Editor’s Note: A version of this article appears in the July/August issue of Nurturing Faith Journal.

My rotating slate of remote workspaces includes the recliner in my TV room, a desk in the front room of my house, and coffee shops in and around Waco, Texas, or whatever city I happen to be in.

Pinewood Roasters is the Waco area establishment I frequent most often. It is named in honor of the Piney Woods of East Texas, where both owners grew up. I also spent my childhood and early adult years in that region, so I have an emotional connection. 

The decor at Pinewood is minimal. As you might expect, the coffee bar and tables are made of pine. The business is in a U-shaped building with a courtyard containing outdoor seating. The Pinewood Pub is on the opposite side of the coffee shop.

Vinyl is constantly spinning on the record player, mostly with albums released decades before the average year most Pinewood patrons were born. Fleetwood Mac, James Taylor, Marvin Gay, Bonnie Raitt, and Dolly Parton are all in heavy rotation, with more contemporary artists thrown in for good measure. 

The morning crowd, of which I am a member, consists mainly of remote workers and those on their way to the office. In the afternoons, more people read and visit with friends. At almost all times, however, individuals or groups enjoy their preferred cup of coffee over an open Bible. 

Nearing my fifth decade, I have seen an evolution in the type of Bibles used in public spaces.

During my adolescent years, Bibles were large and colorful. In the mid-1990s, miniature, thin-line Bibles were all the rage. In college, a friend of mine studying to be a preacher called the narrow, tiny Bible he kept in his back pocket his “dagger,” a nod to Hebrews 4:12: “The word of God is living and active, sharper than any two-edged sword, piercing until it divides soul from spirit, joints from marrow; it is able to judge the thoughts and intentions of the heart.” 

With the turn of the millennium, the Bible landscape became the Wild West. Every niche personality, movement, and school of thought had its unique version of the Bible. If you want a humorous reflection on this, read A.J. Jacobs’ The Year of Living Biblically. Jacobs, an agnostic and admittedly ignorant of all things related to the Bible, wanted to understand what this bound collection of books made so many Americans want to read and follow it. The book is his attempt to read and follow the Bible for a year. 

While visiting a Christian bookstore in Manhattan, where he lived, Jacobs noted all the different versions and translations of the Bible, not to mention covers and sizes. The salesperson eventually pointed him to a Bible-in-magazine form designed to look like Seventeen or other teen-girl publications, suggesting that this may be what Jacobs was looking for, as it is the type of Bible you can read on the subway without anyone thinking you are reading a Bible.

Jacobs joked, “You know you live in a secular city when it’s considered more acceptable for a grown man to read a teen girl’s magazine than the Bible.”
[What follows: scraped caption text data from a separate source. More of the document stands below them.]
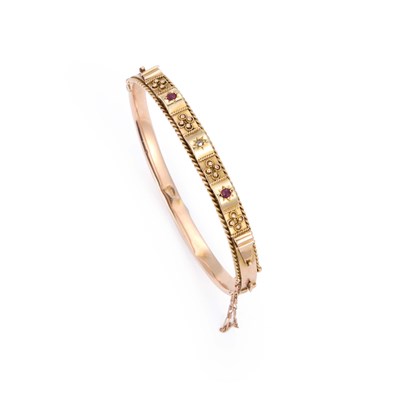Lot 493 - A 9 CARAT GOLD RED SPINEL AND DIAMOND HINGE OPENING BANGLE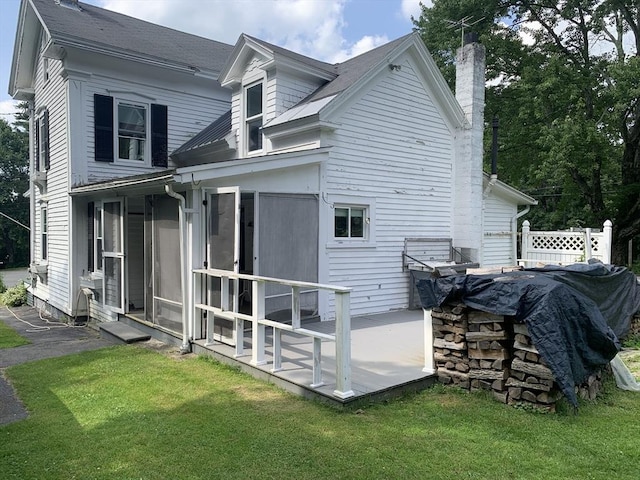 293 Washington, Warren, MA 01083 - back of property featuring a sunroom, a chimney, and a yard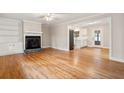 Open-concept living space with hardwood floors, fireplace, and seamless flow into adjacent updated kitchen at 298 Summerset Ln, Summerville, SC 29483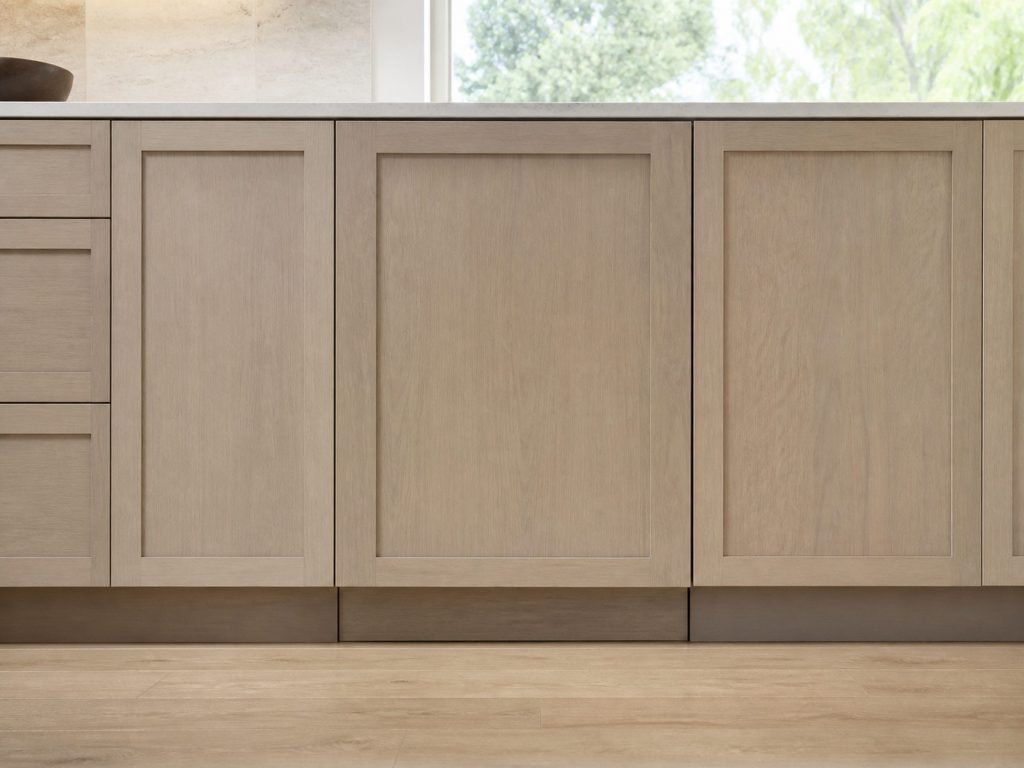 A panel-ready wine cellar hinged on the left, sitting flush in a run of base cabinets so only the toe kick and the seam show.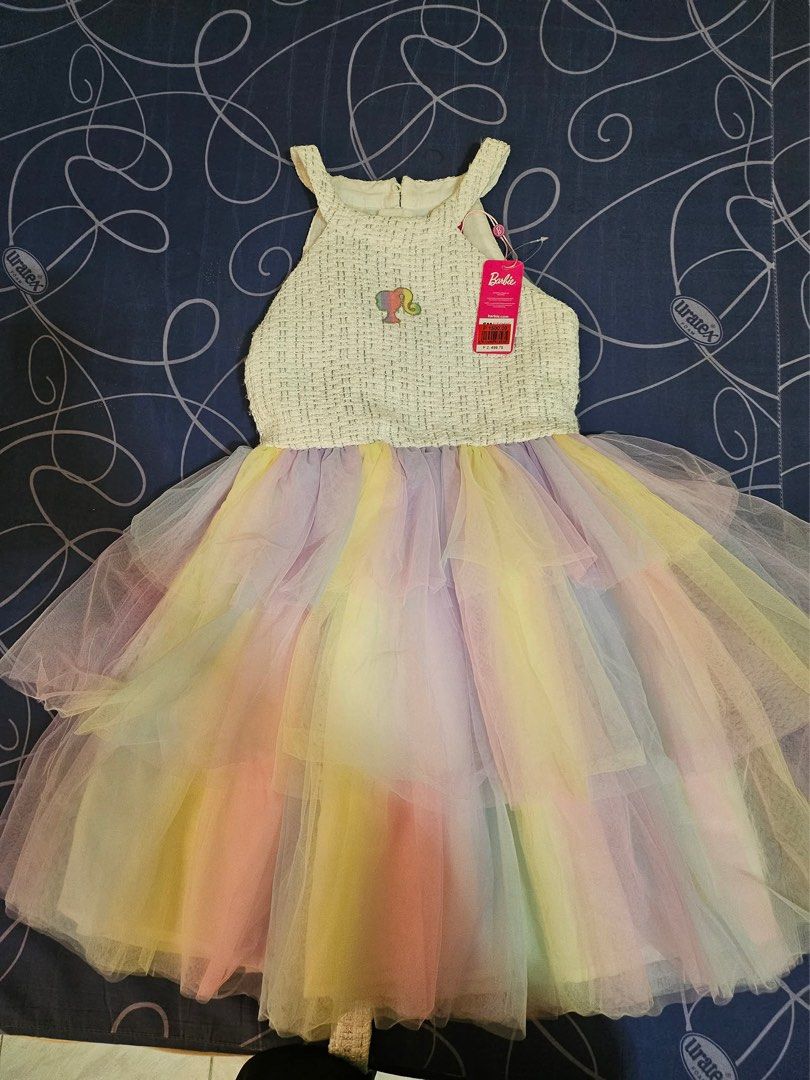 Pre loved dress (Category: Babies & Kids Fashion) located in Bacoor. Submitted by rizza_455 (Listing ID 1414898970, Image 1). Description: Original Barbie dress preloved.once lang nasuot size 10 on tag Fit to 6-7years old.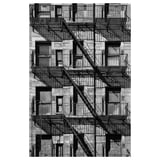 Black and white multiple fire escapes on the side of an urban building.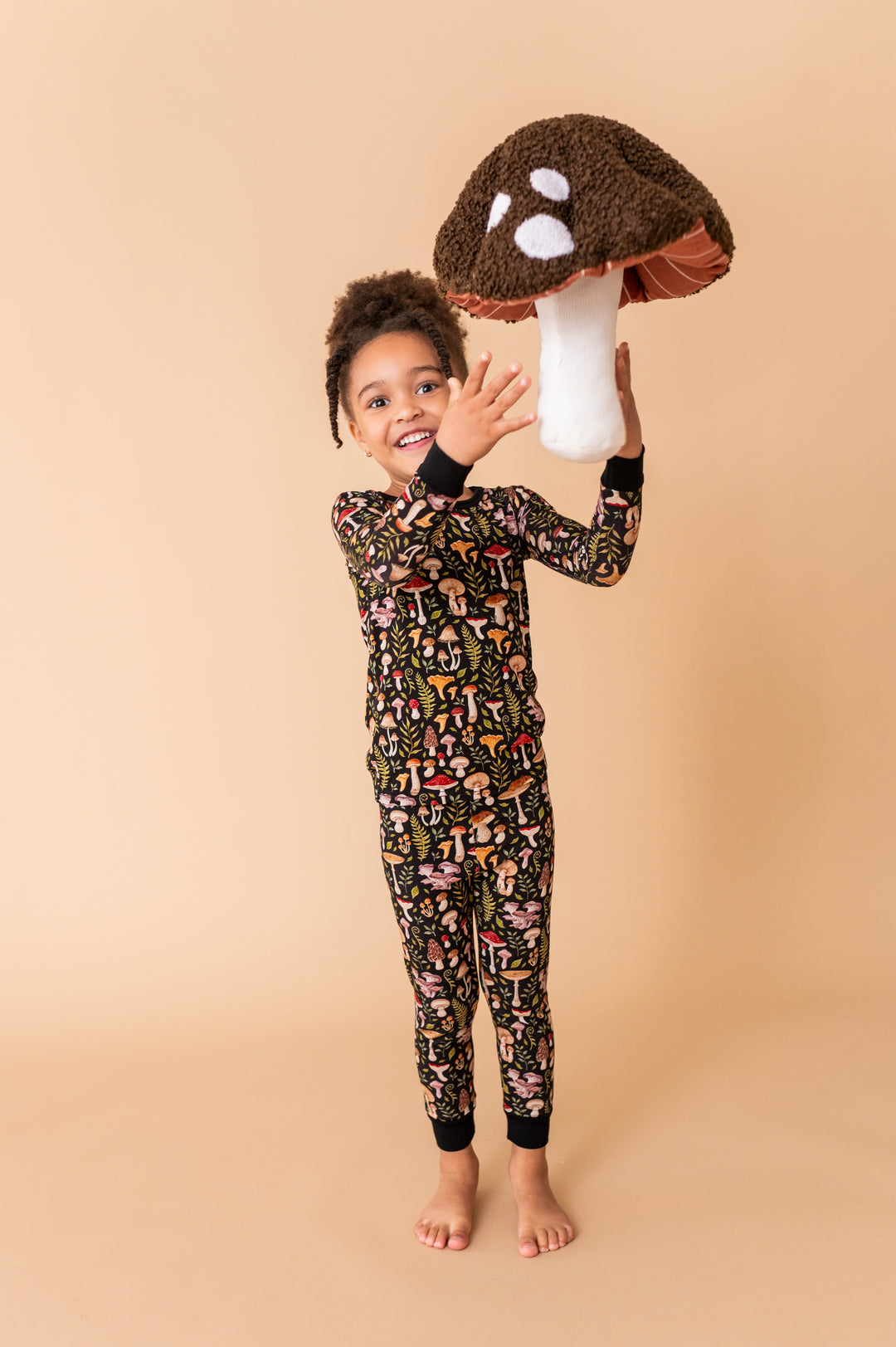 A child wearing Jammie Session's Mystic Mushrooms Long Sleeve PJ's stands barefoot, smiling and holding a large plush mushroom against a plain beige background.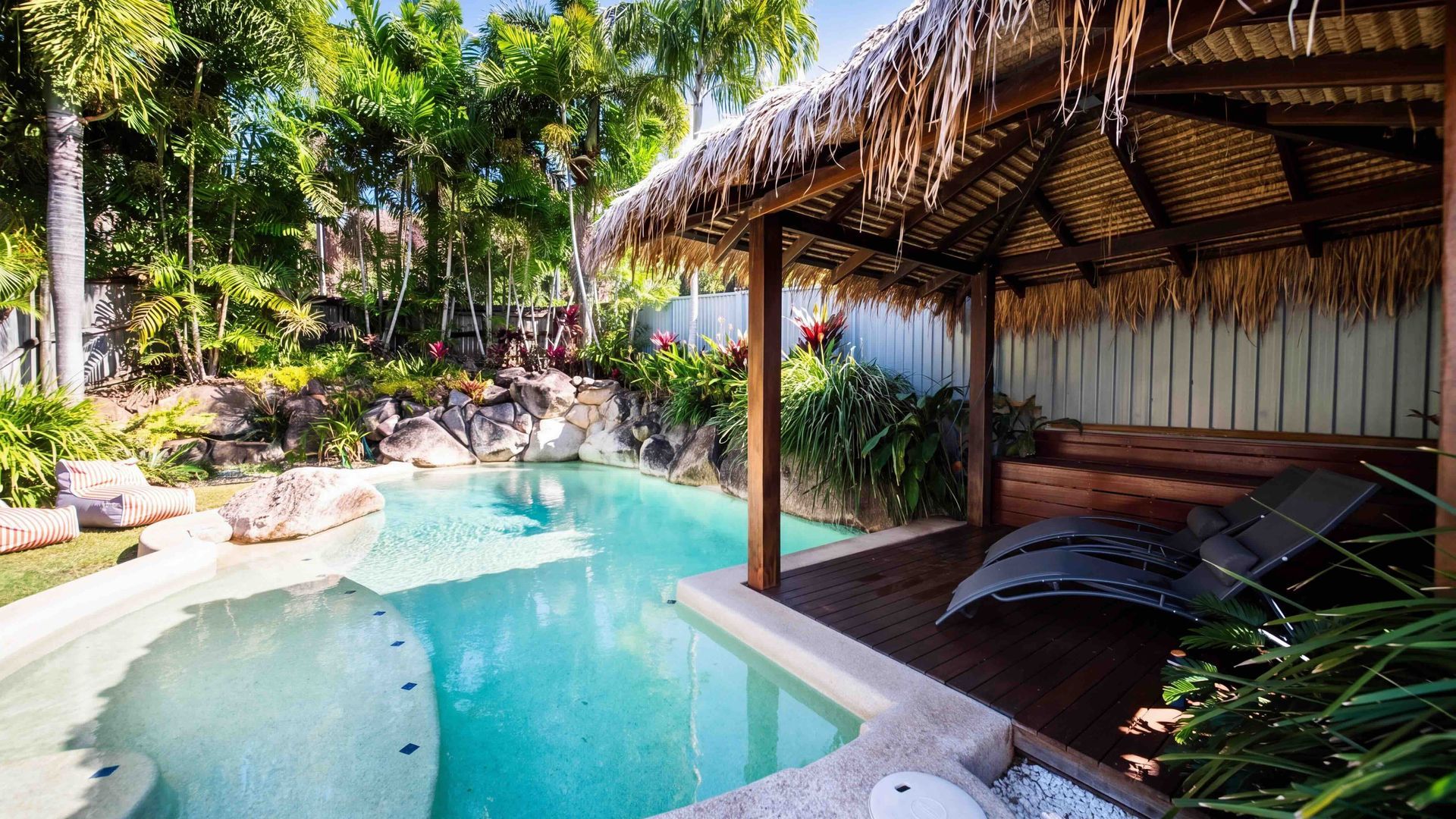 A pool area with a thatched-roof structure, lounge chairs, and tropical plants.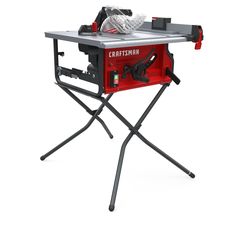 a portable table sawing machine sitting on top of a stand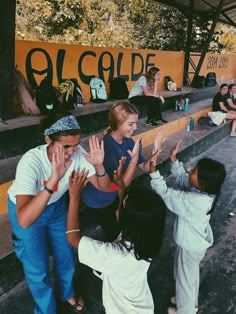 some people are standing and clapping in front of an orange wall with graffiti on it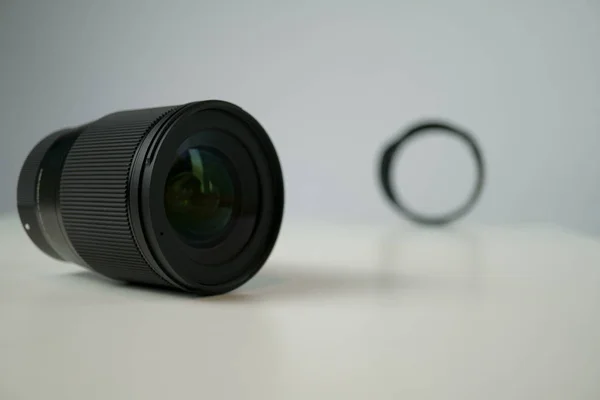 Dslr camera lense, close-up view on table with smooth background — Stock Photo, Image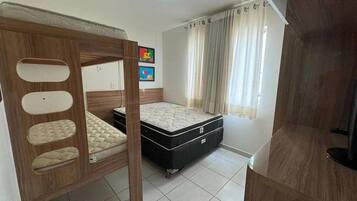 A bedroom with a bunk bed, a single bed, a wardrobe, and a window with curtains.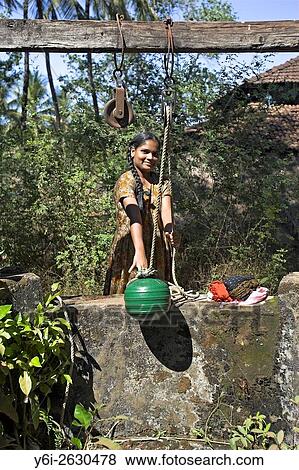Young woman draws water from well by hand with green pot on traditional rope pulley Mandrem village Goa India. View Large Photo Image Stock Photo - Young woman draws water from well by hand with green pot on traditional rope pulley Mandrem village Goa India.. Fotosearch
Few at Pinewood are concerned about anyone knowing they are reading their Bibles. The current Bible trend is large—very large. In fact, an Instagram account marveling at the sizes of Bibles read at Pinewood has emerged with the handle “Big Bibles of Pinewood.” The account posts photos submitted by Pinewood regulars who get in-the-wild pictures of the large, primarily leatherbound Bibles scattered around the coffee shop. 

It’s tempting to assume this is only a trend in the Bible Belt or college towns with large Christian universities. But I have seen small-group Bible studies break out over large Bibles throughout this country and even in European cities. 

These highly visible displays of public devotion can irk me on my more cynical days.
Jesus told his followers not to be like the hypocrites, who pray on street corners, but to pray behind closed doors, out of sight (Matthew 6). Though this teaching was primarily about prayer, it doesn’t seem too much of a stretch to say it would also apply to people lugging a massive family Bible into a coffee shop and cracking it open for study while I enjoy my Americano (hot, black, no room). 

But then Jesus tells me in Matthew 7 not to judge, so I cower into my corner, appropriately chastised. (I also must admit that my knowledge of Scripture, however limited, is due mainly to the years I spent as a young adult reading the Bible in public places.) 

I am mindful, though, that we live in a multicultural, multireligious country that extends the freedom to read large Bibles (or Korans, Vetas, Tao Te Chings, etc.) in public, provided we don’t coerce others to do the same. We also, ideally, protect people’s right to have nothing to do with any of these sacred texts, and for this, I am thankful. 

What would be helpful, however, is for Christians in Western nations to be aware of the immense level of privilege we have to practice our faith in public. In parts of this country, including my own, pulling out a large Bible to read in public will boost your social status among your neighbors far more than diminish it. Being seen reading a Koran, on the other hand, comes with a level of risk that we don’t understand. This should cause us concern and spur us on to greater humility. 

I’m not asking us to bring “daggers” back, but maybe we could return to more modest-sized Bibles to display at Pinewood.